3) Playing back ΣII/E50 the signal S, and more precisely the sound objects extracted during the spatial analysis ΣI:

during the step E51, playing back inside the spatial window W localized sound objects that are estimated as being positioned inside the spatial window W (category OBJLocIntW) with the help of playback treatment T-A combining a WFS technique and radiation control that takes account of the radiation from each loudspeaker and the influence of the acoustic enclosure proper that contains the various loudspeakers. The sound playback field for each object is controlled by means of filters. Such treatment is described in particular in the not-yet published European patent application EP 1 116 572.0.

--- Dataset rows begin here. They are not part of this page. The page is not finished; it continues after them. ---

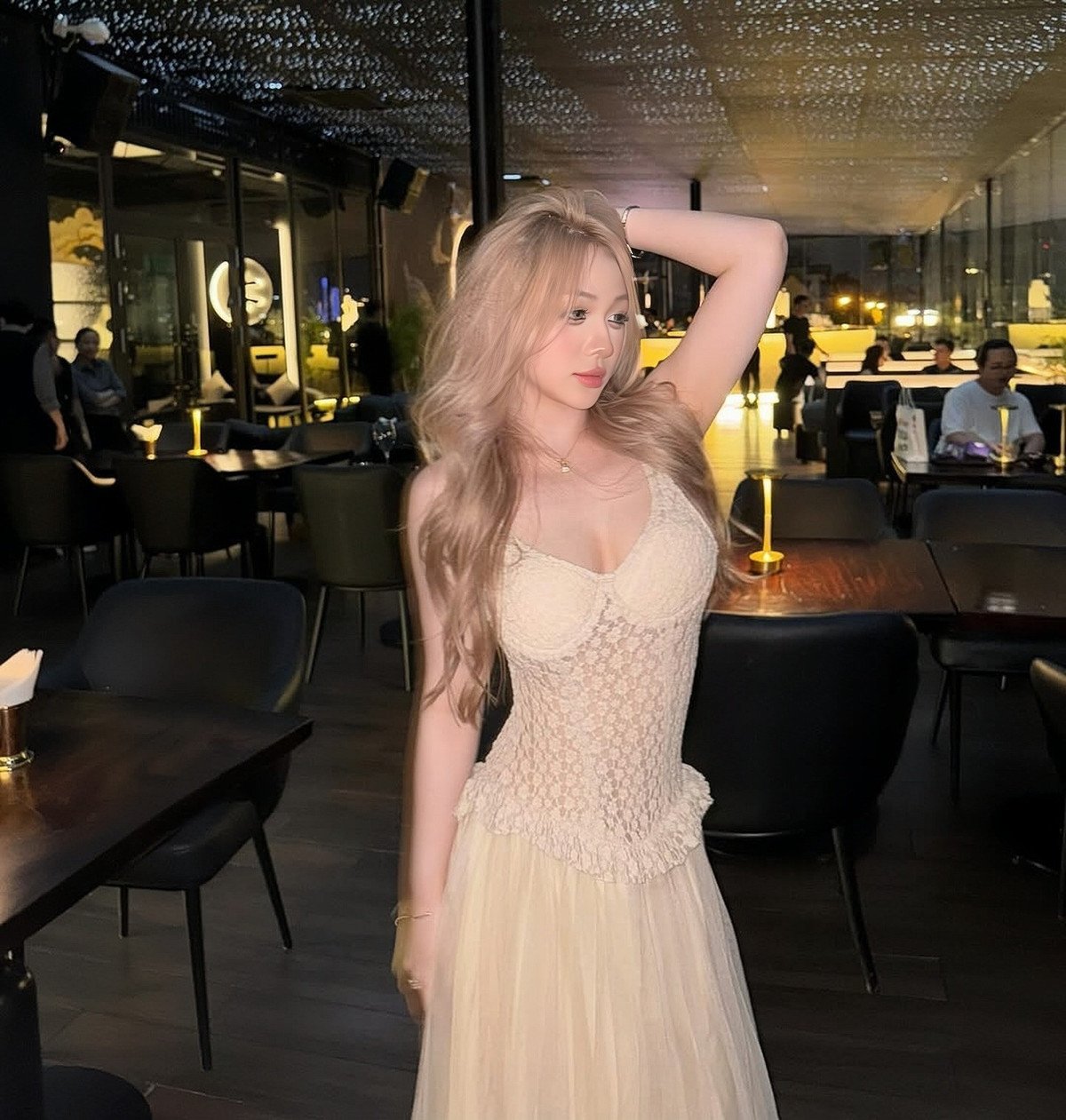 Trần Hà Linh giữ vững độ hot trong thời gian dài vừa qua. Có thể nói, cô nàng đang dần tìm được lối đi đúng cho bản thân.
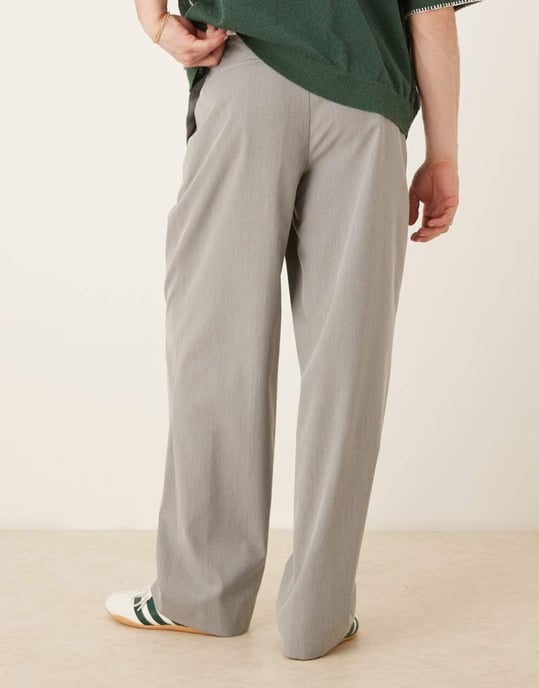 ASOS DESIGN smart vida byxor med djupa veck i ljusgrå - Image 4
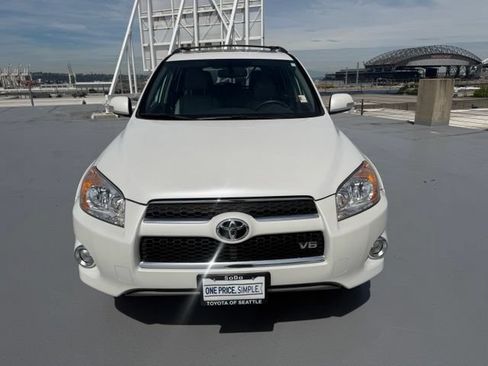 Used 2012 Toyota RAV4 Limited w/ Navigation Value Pkg AWD/4WD image 8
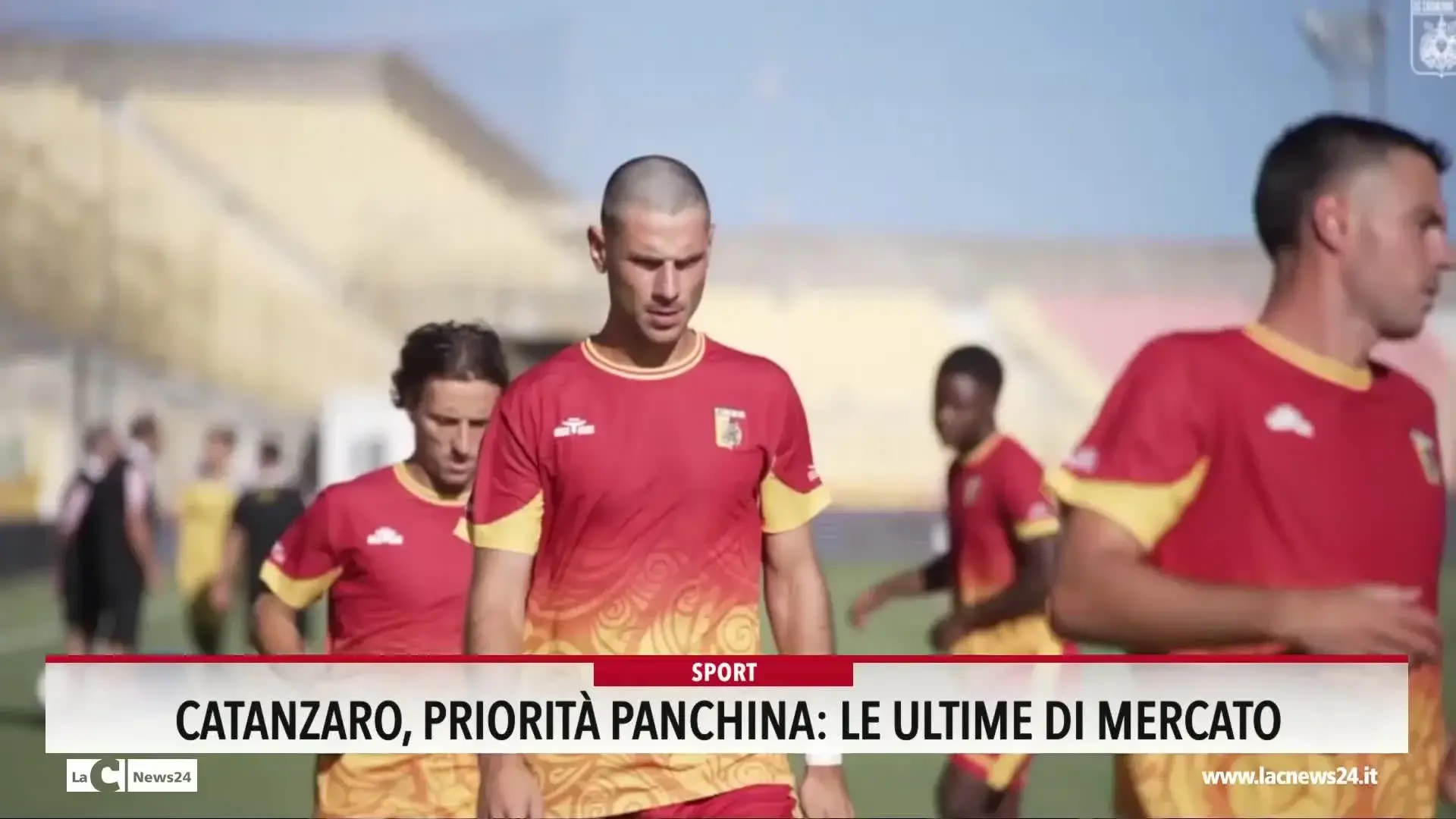 Catanzaro, priorita panchina: le ultime di mercato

Thus, and more precisely, in this third example, the treatment T-A comprises creating virtual sources behind the playback device 2 by using the WSF technique, and applying filtering to the loudspeakers 2-1, . . . , 2-8 of the device 2 that is determined in such a manner that the energies of these sound objects played back via these virtual sources are directed towards the reference position and comply with the amplitudes determined in step E30;

during the step E52, playing back outside the spatial window W localized sound objects that are estimated as being positioned outside the spatial window W (category OBJLocExtW) with the help of playback treatment T-B as described in the not-yet published European patent application EP 11165720.1, and combining:

• • a WFS technique comprising creating virtual sources outside the spatial window W by forming two narrow beams that are reflected on the side walls of the room in which the playback device 2 is installed to a predetermined point position; and
  • applying filtering to the loudspeakers 2-1, . . . , 2-8 of the device 2 that is determined in such a manner that the energies of the sound objects played back by the virtual sources are directed and concentrated on the side walls of the room.

The virtual sources as positioned in this way are used to play back the sound objects of the category OBJLocExtW along the directions and with the amplitudes estimated in step E30;

during step E53, playing back outside the spatial window W diffuse sound objects (category OBJDiff) with the help of playback treatment T-C as described in not-yet published European patent application EP 11165720.1, and combining:

• • a WFS technique comprising creating virtual sources outside the spatial window W by forming two wide beams that are reflected on a predetermined extended zone of the side walls of the room in which the playback device 2 is installed; and
  • applying filtering to the loudspeakers 2-1, . . . , 2-8 of the determined device 2 in such a manner that the energies of the sound objects played back via these virtual sources are directed and concentrated on the side walls of the room.

Naturally, these three examples are given purely by way of illustration and other configurations for the playback device, and also other spatial analysis techniques and other playback treatments could be used within the ambit of the invention.